Estradiol's Effect on Blood Pressure Varies With Age

March 28, 2005

Jane Neff Rollins, MSPH

March 28, 2005 (Los Angeles) — Estradiol therapy may increase systolic blood pressure (SBP) in younger women but may have beneficial effects on SBP in older women, according to a presentation given here by Anne Z. Steiner, MD, MPH, from the University of Southern California Keck School of Medicine in Los Angeles, at the 52nd annual meeting of the Society for Gynecologic Investigation.

"Younger women on estradiol showed an increase in blood pressure over the two years, while older women on estradiol showed a blood pressure decline," Dr. Steiner told meeting attendees.

The Women's Health Initiative (WHI) identified increased rates of cardiovascular events and ischemic stroke among postmenopausal women receiving combination estrogen and progestin replacement therapy. Blood pressure was higher in postmenopausal women even after adjusting for age. Because relatively small increases in SBP increase the risk of stroke and cardiovascular disease, Dr.

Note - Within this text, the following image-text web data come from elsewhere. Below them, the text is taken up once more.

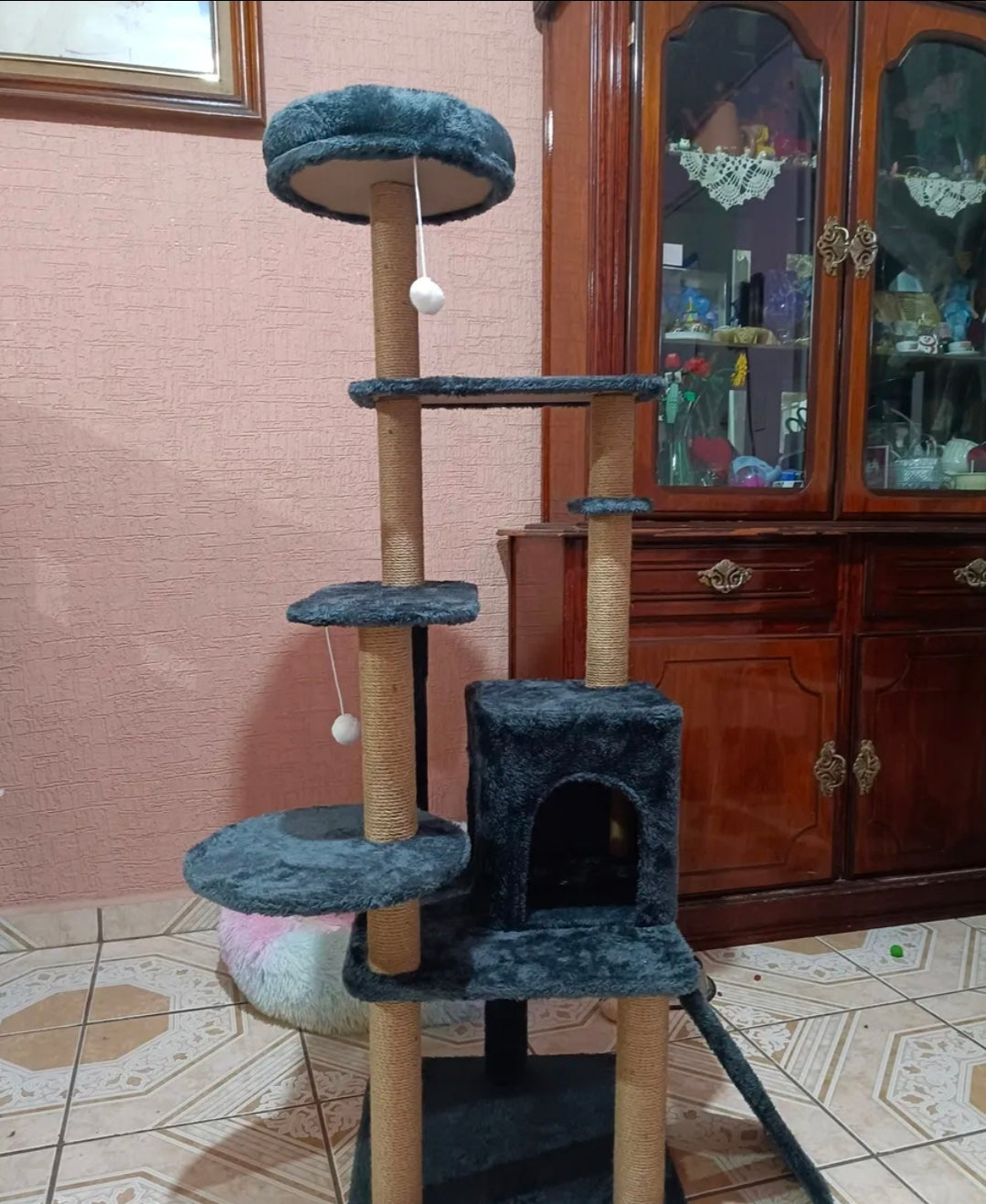 Torre Árbol Rascador Para Gato Con Casa Gris 132cm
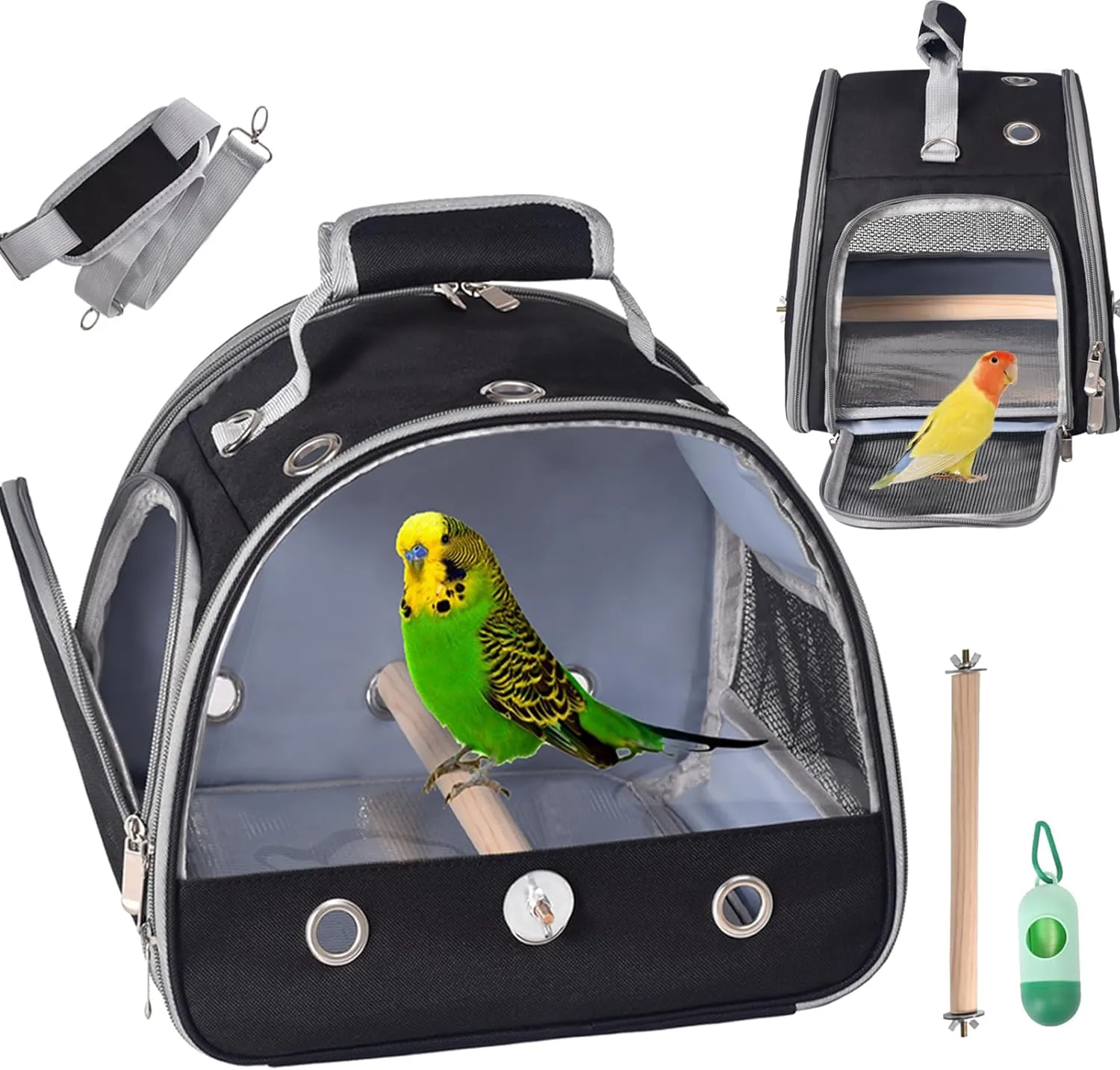 Bird Carrier Travel Cage with Stand (with Tray), Small Bird Travel Cage for Parrot, Small Bird Carrier for Travel Parakeet Carrier with Shoulder Strap, Bird Cages for Parakeets (Black)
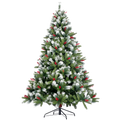 Artificial Christmas Tree Flocked Pine Needle Tree With Cones Red Berries 7.5 Ft Foldable Stand Green American Design Pvc Polyester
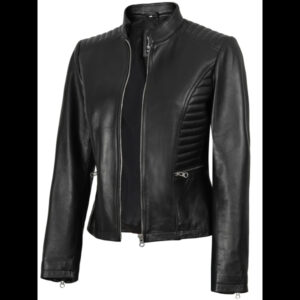 Rachel Women's Black Café Racer Leather Jacket 01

Steiner and her team hypothesized that the mechanism leading to adverse cardiovascular events seen in the WHI may have been driven by changes in blood pressure.

The aims of the Estrogen in the Prevention of Atherosclerosis Trial (EPAT) were to determine the effects of 17β-estradiol treatment on blood pressure in postmenopausal women and how age influences this effect. In addition, because the common carotid intima media is thicker in postmenopausal women than in premenopausal women, the investigators examined whether changes in blood pressure correlate with the progression in intima media thickness (IMT), a marker for atherosclerosis.

The investigators randomized 222 healthy postmenopausal women without preexisting cardiovascular disease to one of two equal-sized groups (n = 111). Eligibility criteria included age older than 45 years (range, 46-80 years), no history of menopausal hormone therapy (HT) for more than 10 years nor use of HT within the month before enrollment, not currently smoking (50% of participants were former smokers), and fasting blood glucose levels less than 200 mg/dL if the participant was diabetic. Hypertension was not an exclusion criterion if it was well-controlled with antihypertensive medication, and approximately 20% of participants fell into this category.

The women in the treatment group received 1 mg of micronized 17β-estradiol daily for the two-year study period. The control group received placebo. Participants had their blood pressure measured at least every other month during the enrollment period and subsequently every six months. IMT was measured every six months throughout the trial.

Statistical analyses compared longitudinal changes in SBP and diastolic blood pressure (DBP) between groups using a mixed general linear model. Interaction terms were added to evaluate whether the rate of change in blood pressure varied by age or estradiol level.

SBP and DBP decreased in both the placebo and estradiol groups, regardless of whether subjects' initial blood pressure values were normal and elevated. This was considered important because most observational studies of blood pressure in postmenopausal women show that control group participants generally experience an increase in blood pressure.

Interestingly, patients in the estradiol group who had high blood pressure well-controlled on antihypertensive therapy at baseline did not experience increased blood pressure. "In women who are well-controlled on antihypertensive therapy, HT should not be a contraindication," Dr. Steiner told Medscape.

Subgroup analyses showed that treatment effects on SBP differed significantly by the age of the subject ( P = .04 for age multiplied by treatment multiplied by time on-study interaction). Higher serum estradiol levels were associated with a statistically nonsignificant rise in SBP (0.016 mm Hg per year of treatment and pg/mL of serum estradiol; P = .15). The positive relationship between serum estradiol level and SBP rate change decreased significantly with age (-0.00326 mm Hg per year of treatment, pg/mL of serum estradiol, and age; P = .03).

Changes in IMT mirrored changes in SBP. Among women in the estradiol group, increases in SBP were associated with increases in IMT progression ( P = .03) and were also influenced by the woman's age. Patients whose SBP declined also showed a decline in IMT, while those whose SBP increased also experienced an increase in IMT. Combined, these data suggest that women older than 65 years treated with estradiol may be less likely to experience progression of atherosclerosis and stroke than younger women on estradiol.

Dr. Steiner added that clinicians "can be confident in continuing HT in patients with well-controlled hypertension," but she cautioned that clinicians should not change their HT prescribing practice based on these data, which were based on a secondary, post-hoc analysis. The results have more of a role in hypothesis generating when investigators design future studies.

The National Institutes of Health sponsored this study.

SGI 52nd Annual Meeting: Abstract 315. Presented March 24, 2005.

Reviewed by Gary D. Vogin, MD

Jane Neff Rollins, MSPH, is a freelance writer for Medscape.